Esse não é o nosso jeito de escrever: entra nele um pouco da ênfase frouxa de uma gripe funesta. Mas, como dizíamos, crônica diária cria o problema diário da vaidade, e a vaidade costuma talhar temperamentos mais diversos, inclusive a modalidade dos cronistas de todo indiferentes às críticas e louvores. É o tipo extremo, uma espécie de desespero da vaidade. O tipo contrário será talvez o do escritor que prefere o elogio mentiroso, convencional ou calculista, a uma crítica honesta e procedente.

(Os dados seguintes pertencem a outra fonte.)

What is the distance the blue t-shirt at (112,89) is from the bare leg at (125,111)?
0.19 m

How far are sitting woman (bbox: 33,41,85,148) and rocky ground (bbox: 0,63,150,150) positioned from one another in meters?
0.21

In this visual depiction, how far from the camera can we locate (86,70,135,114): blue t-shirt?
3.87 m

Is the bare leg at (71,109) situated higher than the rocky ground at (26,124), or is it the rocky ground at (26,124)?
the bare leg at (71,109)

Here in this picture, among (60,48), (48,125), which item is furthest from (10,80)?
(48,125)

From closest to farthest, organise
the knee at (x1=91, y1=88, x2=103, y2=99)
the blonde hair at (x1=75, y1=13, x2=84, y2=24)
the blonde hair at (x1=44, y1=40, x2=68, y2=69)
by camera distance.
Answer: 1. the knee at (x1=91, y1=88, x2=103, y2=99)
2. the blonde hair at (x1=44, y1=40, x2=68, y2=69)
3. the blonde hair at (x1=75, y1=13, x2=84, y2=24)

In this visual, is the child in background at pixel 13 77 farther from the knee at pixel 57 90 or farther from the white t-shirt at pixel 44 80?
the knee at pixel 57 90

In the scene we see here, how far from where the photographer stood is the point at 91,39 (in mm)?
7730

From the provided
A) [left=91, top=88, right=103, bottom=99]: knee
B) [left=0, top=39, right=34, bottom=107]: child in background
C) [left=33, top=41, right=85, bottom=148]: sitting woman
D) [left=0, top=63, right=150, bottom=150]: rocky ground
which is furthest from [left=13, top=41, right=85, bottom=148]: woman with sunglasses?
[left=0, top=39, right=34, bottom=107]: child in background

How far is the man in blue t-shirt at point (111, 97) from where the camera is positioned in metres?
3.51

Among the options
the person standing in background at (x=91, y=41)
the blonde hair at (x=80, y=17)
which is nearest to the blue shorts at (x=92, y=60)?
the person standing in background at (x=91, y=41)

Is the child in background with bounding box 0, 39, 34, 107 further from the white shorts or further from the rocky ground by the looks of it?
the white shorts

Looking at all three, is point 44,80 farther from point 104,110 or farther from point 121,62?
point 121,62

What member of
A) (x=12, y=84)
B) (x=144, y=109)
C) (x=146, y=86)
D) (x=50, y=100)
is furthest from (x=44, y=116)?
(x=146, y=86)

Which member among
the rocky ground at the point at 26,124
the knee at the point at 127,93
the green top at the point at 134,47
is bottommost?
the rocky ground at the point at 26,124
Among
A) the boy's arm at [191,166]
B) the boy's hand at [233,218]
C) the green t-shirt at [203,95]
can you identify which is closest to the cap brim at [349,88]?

Antes de darmos opinião sobre o que escreveram, tomamos todas as precauções para que a boca se abra somente para gabar, que se mantenha fechada no caso de alguma dúvida ou troque a repreensão em um sorriso amigável: Se desembolsam um poema, eles nos subornam antes com elogios a nosso último artigo, ou à nossa gravata, invocam a autoridade dos maiores dizendo que Manuel Bandeira gostou muito do poema em apreço e, sobretudo, põem uma tal doçura angustiada no olhar que o nosso espírito crítico falece, o nosso feroz desejo de destroçar o fulano se transforma em ternura.

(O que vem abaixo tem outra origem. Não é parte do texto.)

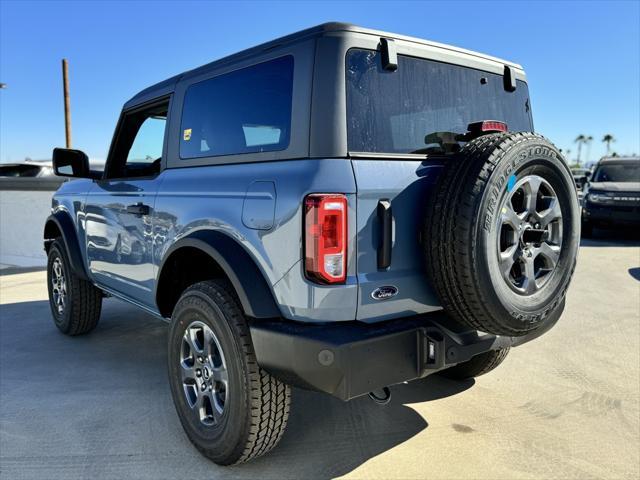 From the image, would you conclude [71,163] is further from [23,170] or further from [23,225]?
[23,170]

Até aqui, a vaidade; relacionada a ela, uma explicação. Vieram dizer-nos que as nossas crônicas estavam muito à margem de. Lógico, rapaz. Ainda não nos foi possível engrenar na vida teatral do Rio; depois que iniciamos a seção, só nos foi dado assistir à uma estreia: sem assunto, a crônica não anda e só pode aborrecer o leitor e a nós. Mais tarde, haja material, seremos tão objetivos e a propósito quanto pudermos. Esperando que a supracitada gripe, mãe da leviandade jornalística, tenha ido embora.